## [Data for analysis]

====

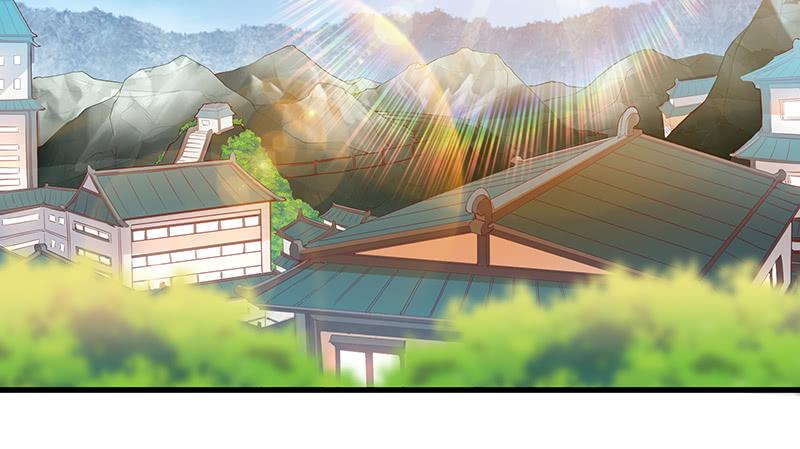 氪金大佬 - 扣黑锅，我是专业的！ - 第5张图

====

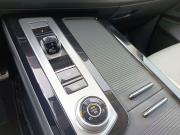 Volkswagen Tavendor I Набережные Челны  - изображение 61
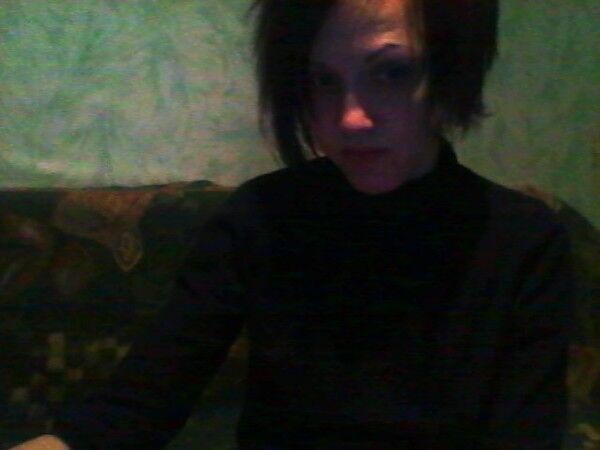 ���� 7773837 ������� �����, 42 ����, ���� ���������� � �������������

====

## [What to work on]
Only one stretch of the material above is wanted: the line containing "Volkswagen Tavendor I" through the line containing "7773837 ������� �����, 42". Restate it word for word, minus the pictures.

## [Your response]
 Volkswagen Tavendor I Набережные Челны  - изображение 61
 ���� 7773837 ������� �����, 42 ����, ���� ���������� � �������������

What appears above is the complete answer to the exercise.